David Jennings planned to extort money from workers and customers of day care centers and medical offices by threatening them with homemade bombs. Jennings desсribed his plans in detail to police informant Jesus “Chuy” Herrera. After telling Chuy that he owned a gun and that he knew how to make a bomb with a remote starter, Jennings asked him to find help to execute the plan.
Chuy then brought several law enforcement officials to meet with Jennings, introducing the agents as his cousins.. Jennings discussed with these officials his plan to extort money from the dental office of Orie Gardner, D.D.S., in Baytown, Texas. Jennings planned to remove Dr. Gardnеr, her assistants, and her patients from the office, take them to a remote location, and hold them for ransom. In a recorded conversation with undercover ATF officer Ismael Rodarte, Jennings expressed his hope that children were at the office when he struck, as he believed their parents would pay substantially for their return. Jennings believed that profits from this plan would fund larger schemes in the future.
Agent Rodarte asked Jennings to bring all of his equipment to a meeting at the Republic of Texas Park in Baytown. At the meeting, Jennings showed Rodarte his .38 revolver, several pipe bombs, knives, gloves, and rope. After Rodarte convinced Jennings to leave the tools in his car, the Baytown police and bomb squad appeared, and Jennings was arrested. After the arrest, police found four functional pipe bombs and a .38 revolver inside a briefcase *797 in Jennings’s car. A search of Jennings’s home revealed four other pipe bombs and assorted electronic equipment used to construct them.
Jennings was indicted on five counts: possession of an unregistered pipe bomb in violation of 26 U.S.C. § 5861(d) (count 1), solicitation to interfere with commerce by extortion in violation of the Hobbs Act, 18 U.S.C. § 1951 (count 2), .carrying a firearm (a .38 caliber revolver) during a crime of violence (both possession of the unregistered pipe bomb and solicitation to interfere with commerce by extortion) in violation of 18 U.S.C. § 924(c) (count 3), attempted interference with commerce by extortion in violation of the Hobbs Act, 18 U.S.C. § 1951 (count 4), and carrying a pipe bomb during the interference with commerce by extortion, in violation of 18 U.S.C. § 924(c) (count 5).
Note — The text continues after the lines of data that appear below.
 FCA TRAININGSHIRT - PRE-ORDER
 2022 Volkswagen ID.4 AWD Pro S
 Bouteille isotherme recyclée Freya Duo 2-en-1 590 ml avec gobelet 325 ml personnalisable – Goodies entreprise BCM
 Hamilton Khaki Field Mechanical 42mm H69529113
At trial, Jennings moved to dismiss count 3, arguing that neither possession of a pipe bomb nor solicitation to commit a Hobbs Act violation were “crimes of viоlence.” The district court granted the motion with respect to solicitation, but denied it with respect to possession of a pipe bomb. Instead, finding that possession of an unregistered pipe bomb qualifies as a “crime of violence” as defined by statute, the district court instructed the jury that possession of a pipe bomb was a “crime of violence” as a matter of law.
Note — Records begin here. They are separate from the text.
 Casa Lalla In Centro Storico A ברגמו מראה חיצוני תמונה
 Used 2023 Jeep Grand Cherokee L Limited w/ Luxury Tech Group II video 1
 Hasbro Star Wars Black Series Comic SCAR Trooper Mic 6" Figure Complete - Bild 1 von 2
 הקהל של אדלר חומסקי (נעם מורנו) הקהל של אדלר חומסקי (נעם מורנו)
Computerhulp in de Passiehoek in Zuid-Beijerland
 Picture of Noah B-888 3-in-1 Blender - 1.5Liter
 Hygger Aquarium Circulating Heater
Jennings also objected to the jury instructions on count 4, arguing that he could only constitutionally be convicted of that offense if his conduct had a “substantial effect” on interstate commerce. The district court overruled the objection, instructing the jury that the conduct only had to have an “effect” on interstate commerce.
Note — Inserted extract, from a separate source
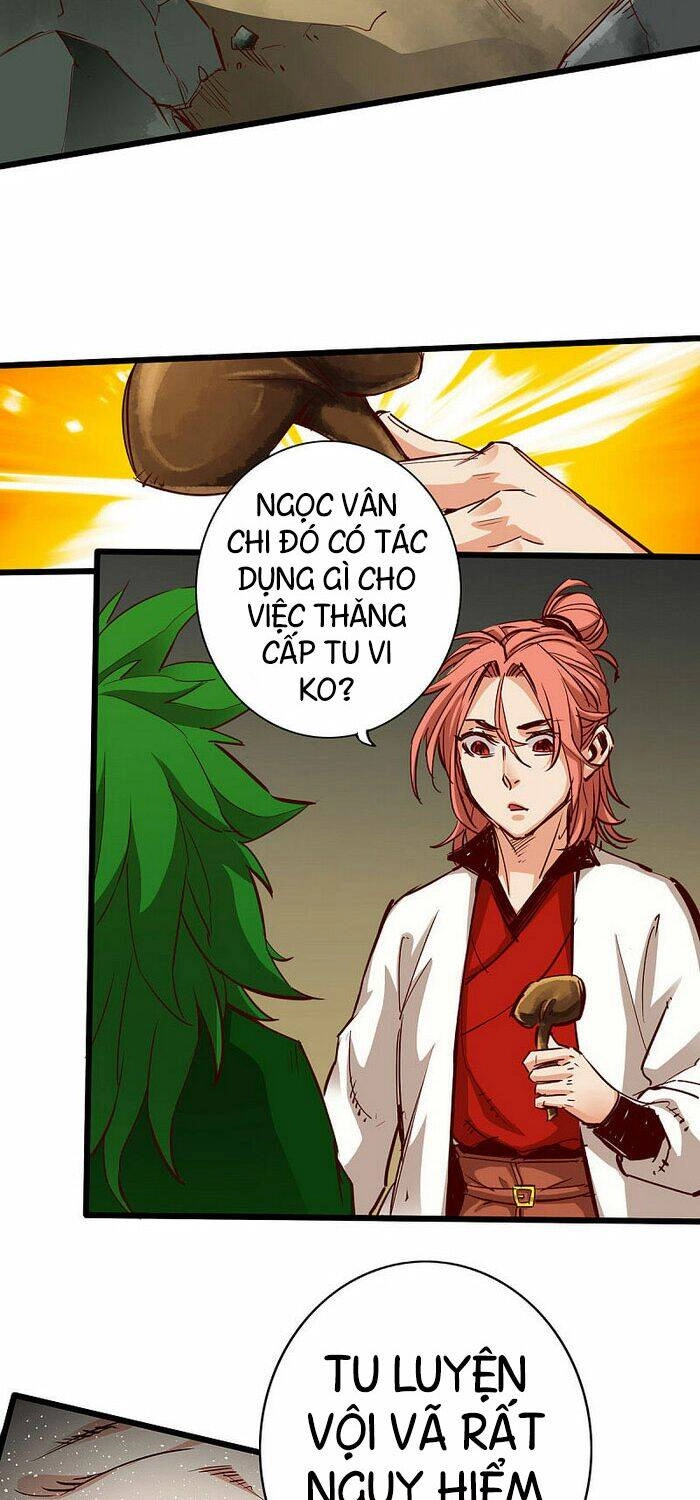 Thông Thiên Chi Lộ Chapter 25 - 14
The jury convicted Jennings on all five counts of the indictment and the district court sentenced him to 226 months of confinement, three years of supervised release, a $2,000 fine, and a $500 special assessment. Jennings appeals his convictions for possession of a firearm in relation to a crime of violence and attempted interference with interstate commerce by extortion.
II.
Jennings first contends that the indictment count for carrying a firearm during and in relation to a crime of violence, in violation of 18 U.S.C. § 924(c), failed to charge an offense because the predicate act of possessing an unregistered pipe bomb does not constitute a “crime of violence.” We review the sufficiency of an indictment
de novo. See United States v. Gabrera-Teran,
18 U.S.C. § 924(c)(3) provides that:
the term “crime of violence” means an offense that is a felony and—
(A) has as an element the use, attempted use, or threatened use of physical forcе against the person or property of another; or
(B) that by its nature, involves a substantial risk that physical force against the person or property of another may be used in the course of committing the offense.
18 U.S.C. § 924(c)(3). The government concedes that the first definition does not apply here, so our only inquiry is whether the ppssession of an unregistered pipe bomb is an offense that “by its nature, involves a substantial risk that physical forсe against the person or property of another may be used in the course of committing the offense.” Id..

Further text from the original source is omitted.